You generally need to be 15 or older (some intakes require 16+). There are no formal academic prerequisites for the short skills courses — BIT specifically welcomes second-chance learners, women, school-leavers and persons with disabilities.

How long is a BIT course?

Most BIT skills programmes run about 4 to 6 months of hands-on, competency-based training, ending in a Certificate of Competency.

How do I apply to BIT?

There's no single national portal — intakes run region by region. Find a centre offering your trade, watch for its intake announcement (BIT's Facebook page is the most reliable source), then register in person with valid ID at the centre or the head office at 82 Brickdam, Georgetown.

Where are BIT training centres?

BIT trains in all ten regions. Known locations include the head office (82 Brickdam) and the Guyana Industrial Training Centre, Eccles Skills/Culinary Centre, Beterverwagting, Buxton and Unity centres in Region 4, the Essequibo Technical Institute in Region 2, plus community programmes nationwide.

What qualification do I get?

A BIT Certificate of Competency in your trade. New BIT centres are built to Caribbean Vocational Qualification (CVQ) standards; whether a course awards a full CVQ level or BIT's own certificate varies by programme.

Is "BIT" the same as the Indian university BITS Pilani?

No.
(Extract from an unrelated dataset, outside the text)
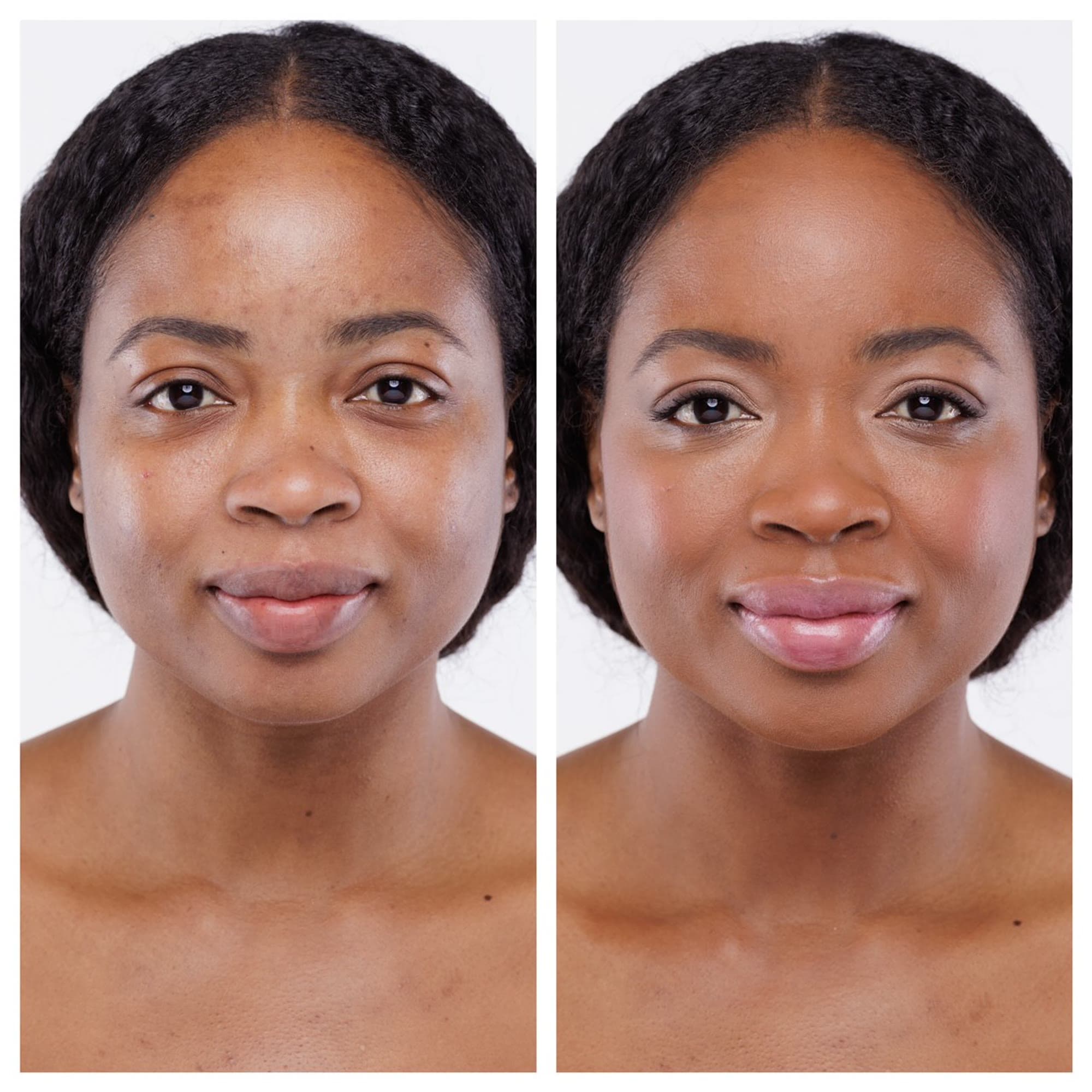 Before & After #3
This is Guyana's Board of Industrial Training, a Ministry of Labour skills-training agency in Georgetown — unrelated to the Indian university that often appears in searches for "BIT".

Can BIT training help me get an oil-and-gas job?

BIT trains in trades directly relevant to the construction and energy boom — welding, electrical, heavy-duty equipment operation, refrigeration and more — and its programmes are designed to be job-ready. A Certificate of Competency is recognised proof of skill for employers.